Le député provincial Chris Collins est enfin sorti de son mutisme, jeudi dernier, plus d’un mois après avoir été visé par des allégations de harcèlement et suspendu du caucus libéral.

Dans une lettre aux médias, il a annoncé qu’il va dorénavant siéger comme indépendant qu’il ne se présentera pas comme candidat libéral aux prochaines élections et qu’il va poursuivre le premier ministre en diffamation.

Il a révélé qu’il ne portera pas les couleurs du Parti libéral… mais n’est pas allé jusqu’à tourner le dos à la politique active. Il s’est contenté de dire qu’il doit prendre plusieurs décisions quant à son avenir politique et professionnel. Ce détail est important.

Pourrait-il mener une opération kamikaze en se présentant comme candidat indépendant?
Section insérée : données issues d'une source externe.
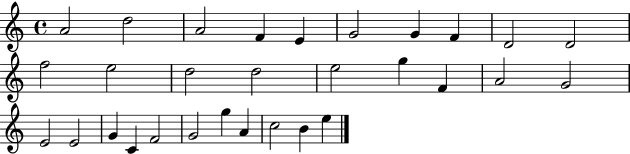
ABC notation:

X:1
T:Untitled
M:4/4
L:1/4
K:C
A2 d2 A2 F E G2 G F D2 D2 f2 e2 d2 d2 e2 g F A2 G2 E2 E2 G C F2 G2 g A c2 B e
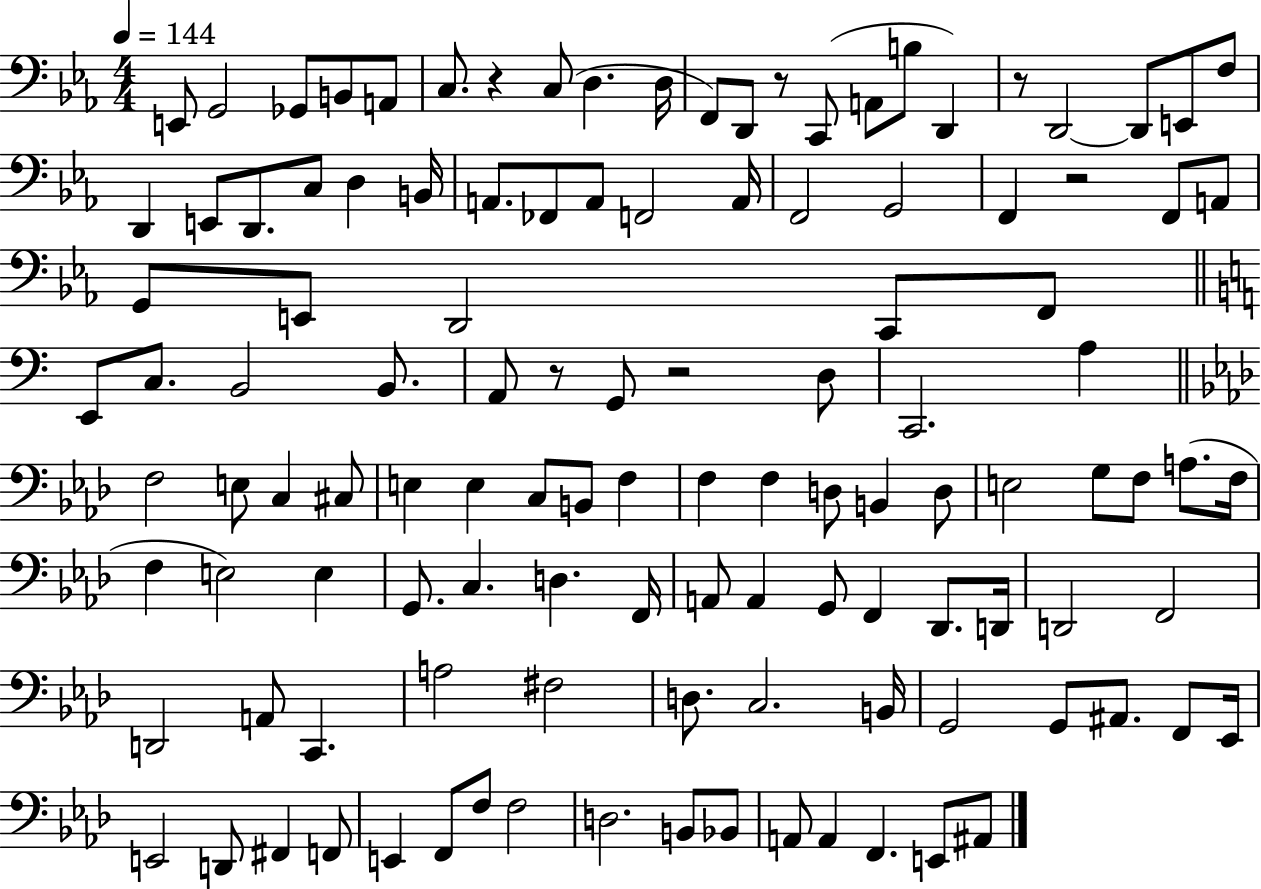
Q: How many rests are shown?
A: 6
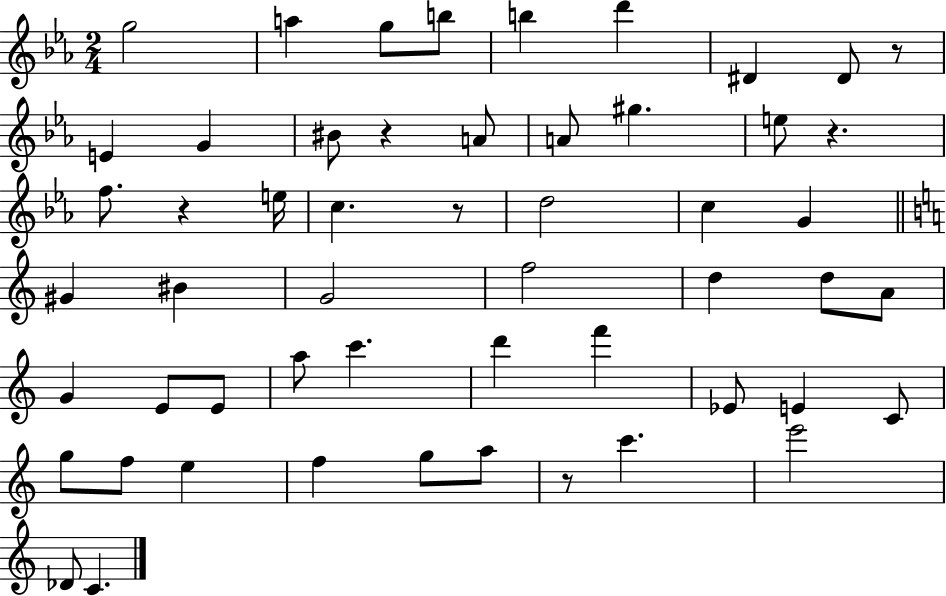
{
  \clef treble
  \numericTimeSignature
  \time 2/4
  \key ees \major
  g''2 | a''4 g''8 b''8 | b''4 d'''4 | dis'4 dis'8 r8 | \break e'4 g'4 | bis'8 r4 a'8 | a'8 gis''4. | e''8 r4. | \break f''8. r4 e''16 | c''4. r8 | d''2 | c''4 g'4 | \break \bar "||" \break \key c \major gis'4 bis'4 | g'2 | f''2 | d''4 d''8 a'8 | \break g'4 e'8 e'8 | a''8 c'''4. | d'''4 f'''4 | ees'8 e'4 c'8 | \break g''8 f''8 e''4 | f''4 g''8 a''8 | r8 c'''4. | e'''2 | \break des'8 c'4. | \bar "|."
}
C’est LA question brûlante qui demeure.

N’oublions pas ce que Chris Collins avait évoqué cette possibilité très explicitement en 2012, lors de la course à la direction du Parti libéral.

À l’époque, un échange de courriels entre Chris Collins et l’ex-ministre libéral Mike Murphy (le principal adversaire de Brian Gallant dans la course à la chefferie) avait fait surface.

Dans ces messages, Mike Murphy disait craindre que Chris Collins soit écarté de sa circonscription par des grosses pointures libérales pour que Brian Gallant (un jeune avocat qui n’était pas encore député à l’époque) puisse s’y présenter.

Chris Collins lui avait répondu que si cela se produisait, il se présenterait comme indépendant afin de diviser le vote et d’emporter son parti et Brian Gallant dans sa chute.

Aujourd’hui, six ans plus tard, Chris Collins méprise-t-il suffisamment le premier ministre pour se sacrifier afin de lui nuire (et ouvrir la voie à une victoire du Parti progressiste-conservateur dans Moncton-Centre)?

En attendant de savoir à quoi s’en tenir, Brian Gallant ne peut que se croiser les doigts et espérer que son ancien collègue –avec qui il n’a pas toujours filé le grand amour– ne se dressera pas dans son chemin en septembre.